Three Theses on Epiphany

Epiphany is one of my favorite days of the year. This morning I was thinking about general doctrines that arise from the scripture today:

The natural world, properly interpreted, leads us to its logical center in the incarnate Word. (The star)

Our deepest human vocation (and happiness) is found in the adoration of Jesus Christ, and in giving him the best of ourselves and our resources. (The homage and gifts of the magi)

Worldly power exists in a tense--and often directly opposed--relationship to the Kingdom of God revealed in the person of Jesus Christ. (Herod)

January 1, 2011

Spent and Tired Bureaucracies

So I'm through about half of Light of the World, Peter Seewald's latest book of interviews with (now) Benedict XVI. As usual, the most interesting, surprising, and even provocative material is quite other than the bits picked up and celebrated by the secular media. Here's one part that struck me strongly in what I have read thus far:

Benedict is speaking on the decline in Catholic observance and identity in Europe and the United States, in relation to the new vitality the Church is experiencing in other parts other world:

Less clearly but nevertheless unmistakably, we find here in the West, too, a revival of new Catholic initiatives that are not ordered by a structure or a bureaucracy. The bureaucracy is spent and tired. These initiatives come from within, from the joy of young people.*

What is meant by 'bureaucracy' here? Is it the structures of dioceses? That would seem to be the obvious guess. If so, I think the Pope's words raise an important reflection for us religious, and especially religious of institutes that are largely clerical.

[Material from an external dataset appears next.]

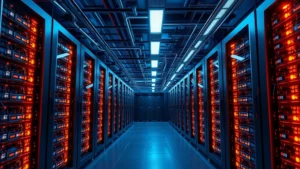 Photorealistic image of a modern cryptocurrency mining facility with rows of specialized hardware equipment under blue and amber lighting, showcasing the computational infrastructure supporting Bitcoin's blockchain network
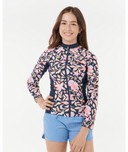 RIP CURL GIRLS SUNSET SKY Z/T RASH VEST - NAVY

Historically, here in North America, the ministerial resources and priestly energies of religious have often gone into supporting and assisting the diocesan structure and its parishes. This was a tremendous good work at one time, and built a network of parishes, schools, hospitals and many other Catholic institutions that accomplished the greatest work of social uplift the world has ever seen.

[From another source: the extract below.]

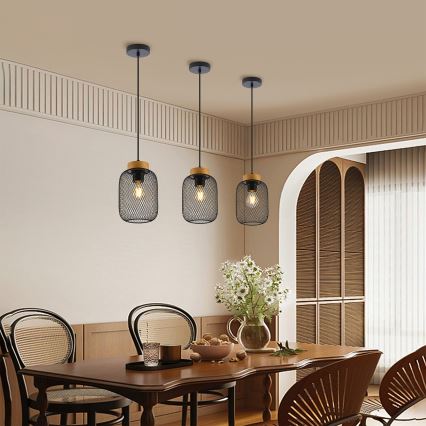 Brilagi - Viseči lestenec na kablu BASKLITE 1xE27/15W/230V les/črna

But where are we now, if the bureaucracy is "spent and tired"? Often we religious of clerical or largely clerical communities justify and eagerly go about the work of parish priesthood because we want to respond to what is called "the needs of the Church." But I think Benedict's words beg for us the question: are the 'needs of the Church' the same thing as the needs of bishops and the needs of diocesan structures, which may be 'spent and tired.'?

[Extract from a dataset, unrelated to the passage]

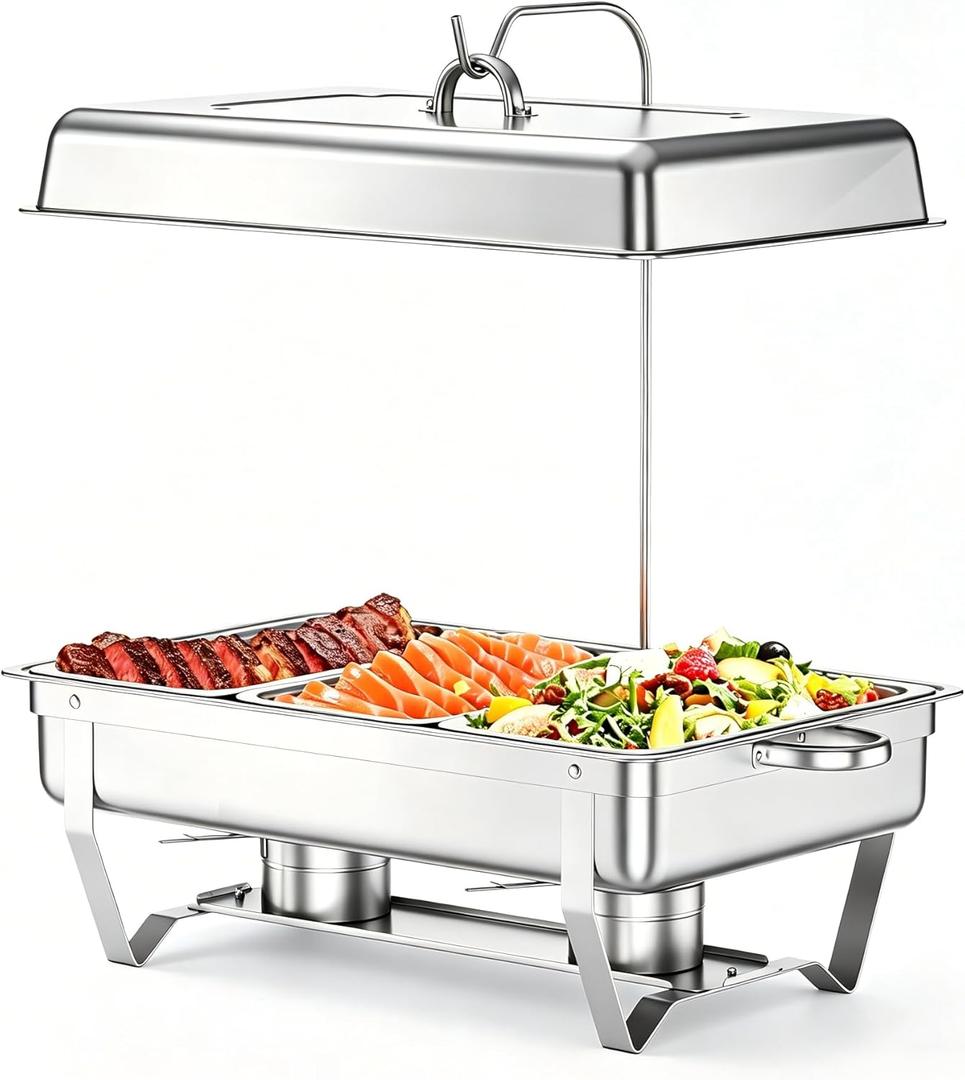 Chafing Dishes Buffet Set for Food Warming and Serving,11QT Stainless Steel Party Trays Warmers for Catering,Weddings,Events with Display and Rolled Edge Design,1 Pack, 3 Compartment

This is a difficult and delicate question. Many religious communities have tried to better proclaim the Gospel by moving outside of the traditional structures of the Church, but some have only succeeded in stepping outside of the Church--and sometimes even Christianity--altogether. So, to me, the question is not whether or not to work within the structures of the Church--because we all form that structure, and to deny it is to deny ourselves and our baptism--but how it is we can best serve the needs of the Church conceived in the broadest possible way, and perhaps this means seeking out and supporting the new and joyful energies of which Benedict speaks.

*I don't know the page number, because I am reading the Kindle edition. It's 'location' 870.